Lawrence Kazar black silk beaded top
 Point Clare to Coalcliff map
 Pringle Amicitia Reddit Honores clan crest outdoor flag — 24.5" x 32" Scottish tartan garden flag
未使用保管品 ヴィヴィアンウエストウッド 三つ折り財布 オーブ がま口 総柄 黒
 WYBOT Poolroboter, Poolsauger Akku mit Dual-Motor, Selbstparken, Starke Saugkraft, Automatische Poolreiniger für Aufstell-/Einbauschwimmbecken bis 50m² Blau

○ ○ ○ ○

About this exercise - Copy out the records once more, with nothing altered.

Solution to this problem -
Lawrence Kazar black silk beaded top
 Point Clare to Coalcliff map
 Pringle Amicitia Reddit Honores clan crest outdoor flag — 24.5" x 32" Scottish tartan garden flag
未使用保管品 ヴィヴィアンウエストウッド 三つ折り財布 オーブ がま口 総柄 黒
 WYBOT Poolroboter, Poolsauger Akku mit Dual-Motor, Selbstparken, Starke Saugkraft, Automatische Poolreiniger für Aufstell-/Einbauschwimmbecken bis 50m² Blau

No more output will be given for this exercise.